THE INPUT:
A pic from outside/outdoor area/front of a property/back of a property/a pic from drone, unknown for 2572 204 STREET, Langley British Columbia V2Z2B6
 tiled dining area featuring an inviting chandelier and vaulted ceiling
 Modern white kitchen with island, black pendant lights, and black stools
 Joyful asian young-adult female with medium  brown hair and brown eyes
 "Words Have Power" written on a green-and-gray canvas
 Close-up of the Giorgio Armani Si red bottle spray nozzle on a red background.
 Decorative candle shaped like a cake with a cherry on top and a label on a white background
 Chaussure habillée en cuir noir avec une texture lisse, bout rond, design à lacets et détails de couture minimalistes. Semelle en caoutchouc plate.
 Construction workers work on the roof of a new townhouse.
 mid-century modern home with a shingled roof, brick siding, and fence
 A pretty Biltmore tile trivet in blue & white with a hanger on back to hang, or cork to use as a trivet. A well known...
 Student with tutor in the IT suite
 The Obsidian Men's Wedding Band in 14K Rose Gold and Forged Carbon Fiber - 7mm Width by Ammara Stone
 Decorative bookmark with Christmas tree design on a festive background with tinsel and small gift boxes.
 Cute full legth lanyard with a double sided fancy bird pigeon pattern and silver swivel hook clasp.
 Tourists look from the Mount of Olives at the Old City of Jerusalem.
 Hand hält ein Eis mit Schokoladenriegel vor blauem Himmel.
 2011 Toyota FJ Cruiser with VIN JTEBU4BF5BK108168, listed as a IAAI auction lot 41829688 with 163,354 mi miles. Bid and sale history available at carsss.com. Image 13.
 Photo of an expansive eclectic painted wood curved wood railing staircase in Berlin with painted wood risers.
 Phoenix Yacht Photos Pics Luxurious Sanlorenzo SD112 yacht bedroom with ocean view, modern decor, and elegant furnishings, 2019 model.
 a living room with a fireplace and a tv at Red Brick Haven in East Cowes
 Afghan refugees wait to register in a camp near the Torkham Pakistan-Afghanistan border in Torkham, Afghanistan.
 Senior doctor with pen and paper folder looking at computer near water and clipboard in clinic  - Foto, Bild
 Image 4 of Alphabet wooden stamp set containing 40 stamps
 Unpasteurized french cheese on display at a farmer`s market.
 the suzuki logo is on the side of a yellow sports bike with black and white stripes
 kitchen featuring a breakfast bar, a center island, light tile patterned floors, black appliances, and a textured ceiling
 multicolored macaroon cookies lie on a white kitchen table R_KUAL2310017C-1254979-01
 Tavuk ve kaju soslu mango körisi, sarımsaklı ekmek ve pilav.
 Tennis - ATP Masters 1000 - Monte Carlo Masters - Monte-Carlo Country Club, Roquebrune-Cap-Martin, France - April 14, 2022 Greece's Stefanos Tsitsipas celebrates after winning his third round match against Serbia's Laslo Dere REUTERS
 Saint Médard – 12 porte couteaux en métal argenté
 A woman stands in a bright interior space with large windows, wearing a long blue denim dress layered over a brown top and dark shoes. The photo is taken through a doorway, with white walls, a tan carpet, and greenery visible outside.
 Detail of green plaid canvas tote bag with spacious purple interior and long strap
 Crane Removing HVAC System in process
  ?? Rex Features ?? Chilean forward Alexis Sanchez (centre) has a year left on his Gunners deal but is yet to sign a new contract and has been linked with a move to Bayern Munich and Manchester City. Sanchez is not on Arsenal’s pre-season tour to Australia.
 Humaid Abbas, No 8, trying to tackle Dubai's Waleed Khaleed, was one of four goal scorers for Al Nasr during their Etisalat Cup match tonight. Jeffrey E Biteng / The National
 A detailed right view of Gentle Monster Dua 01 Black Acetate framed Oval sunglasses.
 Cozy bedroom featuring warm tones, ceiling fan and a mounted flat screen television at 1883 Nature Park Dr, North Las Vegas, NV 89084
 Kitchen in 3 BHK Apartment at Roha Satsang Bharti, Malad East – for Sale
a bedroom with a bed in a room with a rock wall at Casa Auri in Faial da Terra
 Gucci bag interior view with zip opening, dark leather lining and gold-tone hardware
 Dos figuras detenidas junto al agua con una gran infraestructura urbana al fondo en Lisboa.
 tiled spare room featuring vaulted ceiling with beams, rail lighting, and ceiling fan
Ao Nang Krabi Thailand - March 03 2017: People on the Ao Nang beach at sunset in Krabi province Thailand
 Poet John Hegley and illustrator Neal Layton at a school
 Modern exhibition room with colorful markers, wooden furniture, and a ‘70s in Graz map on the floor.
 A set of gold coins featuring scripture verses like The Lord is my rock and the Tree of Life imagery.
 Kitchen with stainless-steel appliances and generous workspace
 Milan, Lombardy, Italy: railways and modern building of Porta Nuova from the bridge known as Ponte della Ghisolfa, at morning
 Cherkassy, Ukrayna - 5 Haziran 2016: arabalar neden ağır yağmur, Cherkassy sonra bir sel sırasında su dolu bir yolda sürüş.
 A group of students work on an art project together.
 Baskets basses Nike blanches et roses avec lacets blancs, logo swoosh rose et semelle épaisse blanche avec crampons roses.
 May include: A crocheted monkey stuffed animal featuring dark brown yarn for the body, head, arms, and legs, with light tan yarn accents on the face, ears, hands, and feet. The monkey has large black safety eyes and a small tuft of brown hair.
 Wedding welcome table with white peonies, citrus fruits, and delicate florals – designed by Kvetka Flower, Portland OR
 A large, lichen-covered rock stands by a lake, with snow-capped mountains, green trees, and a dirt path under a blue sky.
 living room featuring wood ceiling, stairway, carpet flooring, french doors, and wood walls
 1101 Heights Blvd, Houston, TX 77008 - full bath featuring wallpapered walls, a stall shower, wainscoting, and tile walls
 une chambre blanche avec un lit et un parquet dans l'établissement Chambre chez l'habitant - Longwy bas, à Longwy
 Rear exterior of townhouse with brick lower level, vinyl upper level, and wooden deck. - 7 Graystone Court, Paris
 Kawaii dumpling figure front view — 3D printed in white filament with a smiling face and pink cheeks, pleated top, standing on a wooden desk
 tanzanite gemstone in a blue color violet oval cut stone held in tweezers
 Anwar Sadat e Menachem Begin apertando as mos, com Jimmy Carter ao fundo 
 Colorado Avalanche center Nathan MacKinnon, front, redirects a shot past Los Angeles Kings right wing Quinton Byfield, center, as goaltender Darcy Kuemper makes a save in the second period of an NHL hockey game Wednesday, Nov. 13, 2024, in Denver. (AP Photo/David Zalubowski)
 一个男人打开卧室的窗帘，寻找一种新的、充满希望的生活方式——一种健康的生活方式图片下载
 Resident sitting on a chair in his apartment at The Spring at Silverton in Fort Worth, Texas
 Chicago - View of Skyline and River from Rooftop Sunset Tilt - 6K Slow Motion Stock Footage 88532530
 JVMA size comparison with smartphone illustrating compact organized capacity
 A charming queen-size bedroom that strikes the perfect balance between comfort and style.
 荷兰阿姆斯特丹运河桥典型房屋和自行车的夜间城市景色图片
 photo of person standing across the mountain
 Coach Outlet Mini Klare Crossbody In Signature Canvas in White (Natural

WHAT IS BEING ASKED:
Output all of the data exactly.

WORKED SOLUTION:
A pic from outside/outdoor area/front of a property/back of a property/a pic from drone, unknown for 2572 204 STREET, Langley British Columbia V2Z2B6
 tiled dining area featuring an inviting chandelier and vaulted ceiling
 Modern white kitchen with island, black pendant lights, and black stools
 Joyful asian young-adult female with medium  brown hair and brown eyes
 "Words Have Power" written on a green-and-gray canvas
 Close-up of the Giorgio Armani Si red bottle spray nozzle on a red background.
 Decorative candle shaped like a cake with a cherry on top and a label on a white background
 Chaussure habillée en cuir noir avec une texture lisse, bout rond, design à lacets et détails de couture minimalistes. Semelle en caoutchouc plate.
 Construction workers work on the roof of a new townhouse.
 mid-century modern home with a shingled roof, brick siding, and fence
 A pretty Biltmore tile trivet in blue & white with a hanger on back to hang, or cork to use as a trivet. A well known...
 Student with tutor in the IT suite
 The Obsidian Men's Wedding Band in 14K Rose Gold and Forged Carbon Fiber - 7mm Width by Ammara Stone
 Decorative bookmark with Christmas tree design on a festive background with tinsel and small gift boxes.
 Cute full legth lanyard with a double sided fancy bird pigeon pattern and silver swivel hook clasp.
 Tourists look from the Mount of Olives at the Old City of Jerusalem.
 Hand hält ein Eis mit Schokoladenriegel vor blauem Himmel.
 2011 Toyota FJ Cruiser with VIN JTEBU4BF5BK108168, listed as a IAAI auction lot 41829688 with 163,354 mi miles. Bid and sale history available at carsss.com. Image 13.
 Photo of an expansive eclectic painted wood curved wood railing staircase in Berlin with painted wood risers.
 Phoenix Yacht Photos Pics Luxurious Sanlorenzo SD112 yacht bedroom with ocean view, modern decor, and elegant furnishings, 2019 model.
 a living room with a fireplace and a tv at Red Brick Haven in East Cowes
 Afghan refugees wait to register in a camp near the Torkham Pakistan-Afghanistan border in Torkham, Afghanistan.
 Senior doctor with pen and paper folder looking at computer near water and clipboard in clinic  - Foto, Bild
 Image 4 of Alphabet wooden stamp set containing 40 stamps
 Unpasteurized french cheese on display at a farmer`s market.
 the suzuki logo is on the side of a yellow sports bike with black and white stripes
 kitchen featuring a breakfast bar, a center island, light tile patterned floors, black appliances, and a textured ceiling
 multicolored macaroon cookies lie on a white kitchen table R_KUAL2310017C-1254979-01
 Tavuk ve kaju soslu mango körisi, sarımsaklı ekmek ve pilav.
 Tennis - ATP Masters 1000 - Monte Carlo Masters - Monte-Carlo Country Club, Roquebrune-Cap-Martin, France - April 14, 2022 Greece's Stefanos Tsitsipas celebrates after winning his third round match against Serbia's Laslo Dere REUTERS
 Saint Médard – 12 porte couteaux en métal argenté
 A woman stands in a bright interior space with large windows, wearing a long blue denim dress layered over a brown top and dark shoes. The photo is taken through a doorway, with white walls, a tan carpet, and greenery visible outside.
 Detail of green plaid canvas tote bag with spacious purple interior and long strap
 Crane Removing HVAC System in process
  ?? Rex Features ?? Chilean forward Alexis Sanchez (centre) has a year left on his Gunners deal but is yet to sign a new contract and has been linked with a move to Bayern Munich and Manchester City. Sanchez is not on Arsenal’s pre-season tour to Australia.
 Humaid Abbas, No 8, trying to tackle Dubai's Waleed Khaleed, was one of four goal scorers for Al Nasr during their Etisalat Cup match tonight. Jeffrey E Biteng / The National
 A detailed right view of Gentle Monster Dua 01 Black Acetate framed Oval sunglasses.
 Cozy bedroom featuring warm tones, ceiling fan and a mounted flat screen television at 1883 Nature Park Dr, North Las Vegas, NV 89084
 Kitchen in 3 BHK Apartment at Roha Satsang Bharti, Malad East – for Sale
a bedroom with a bed in a room with a rock wall at Casa Auri in Faial da Terra
 Gucci bag interior view with zip opening, dark leather lining and gold-tone hardware
 Dos figuras detenidas junto al agua con una gran infraestructura urbana al fondo en Lisboa.
 tiled spare room featuring vaulted ceiling with beams, rail lighting, and ceiling fan
Ao Nang Krabi Thailand - March 03 2017: People on the Ao Nang beach at sunset in Krabi province Thailand
 Poet John Hegley and illustrator Neal Layton at a school
 Modern exhibition room with colorful markers, wooden furniture, and a ‘70s in Graz map on the floor.
 A set of gold coins featuring scripture verses like The Lord is my rock and the Tree of Life imagery.
 Kitchen with stainless-steel appliances and generous workspace
 Milan, Lombardy, Italy: railways and modern building of Porta Nuova from the bridge known as Ponte della Ghisolfa, at morning
 Cherkassy, Ukrayna - 5 Haziran 2016: arabalar neden ağır yağmur, Cherkassy sonra bir sel sırasında su dolu bir yolda sürüş.
 A group of students work on an art project together.
 Baskets basses Nike blanches et roses avec lacets blancs, logo swoosh rose et semelle épaisse blanche avec crampons roses.
 May include: A crocheted monkey stuffed animal featuring dark brown yarn for the body, head, arms, and legs, with light tan yarn accents on the face, ears, hands, and feet. The monkey has large black safety eyes and a small tuft of brown hair.
 Wedding welcome table with white peonies, citrus fruits, and delicate florals – designed by Kvetka Flower, Portland OR
 A large, lichen-covered rock stands by a lake, with snow-capped mountains, green trees, and a dirt path under a blue sky.
 living room featuring wood ceiling, stairway, carpet flooring, french doors, and wood walls
 1101 Heights Blvd, Houston, TX 77008 - full bath featuring wallpapered walls, a stall shower, wainscoting, and tile walls
 une chambre blanche avec un lit et un parquet dans l'établissement Chambre chez l'habitant - Longwy bas, à Longwy
 Rear exterior of townhouse with brick lower level, vinyl upper level, and wooden deck. - 7 Graystone Court, Paris
 Kawaii dumpling figure front view — 3D printed in white filament with a smiling face and pink cheeks, pleated top, standing on a wooden desk
 tanzanite gemstone in a blue color violet oval cut stone held in tweezers
 Anwar Sadat e Menachem Begin apertando as mos, com Jimmy Carter ao fundo 
 Colorado Avalanche center Nathan MacKinnon, front, redirects a shot past Los Angeles Kings right wing Quinton Byfield, center, as goaltender Darcy Kuemper makes a save in the second period of an NHL hockey game Wednesday, Nov. 13, 2024, in Denver. (AP Photo/David Zalubowski)
 一个男人打开卧室的窗帘，寻找一种新的、充满希望的生活方式——一种健康的生活方式图片下载
 Resident sitting on a chair in his apartment at The Spring at Silverton in Fort Worth, Texas
 Chicago - View of Skyline and River from Rooftop Sunset Tilt - 6K Slow Motion Stock Footage 88532530
 JVMA size comparison with smartphone illustrating compact organized capacity
 A charming queen-size bedroom that strikes the perfect balance between comfort and style.
 荷兰阿姆斯特丹运河桥典型房屋和自行车的夜间城市景色图片
 photo of person standing across the mountain
 Coach Outlet Mini Klare Crossbody In Signature Canvas in White (Natural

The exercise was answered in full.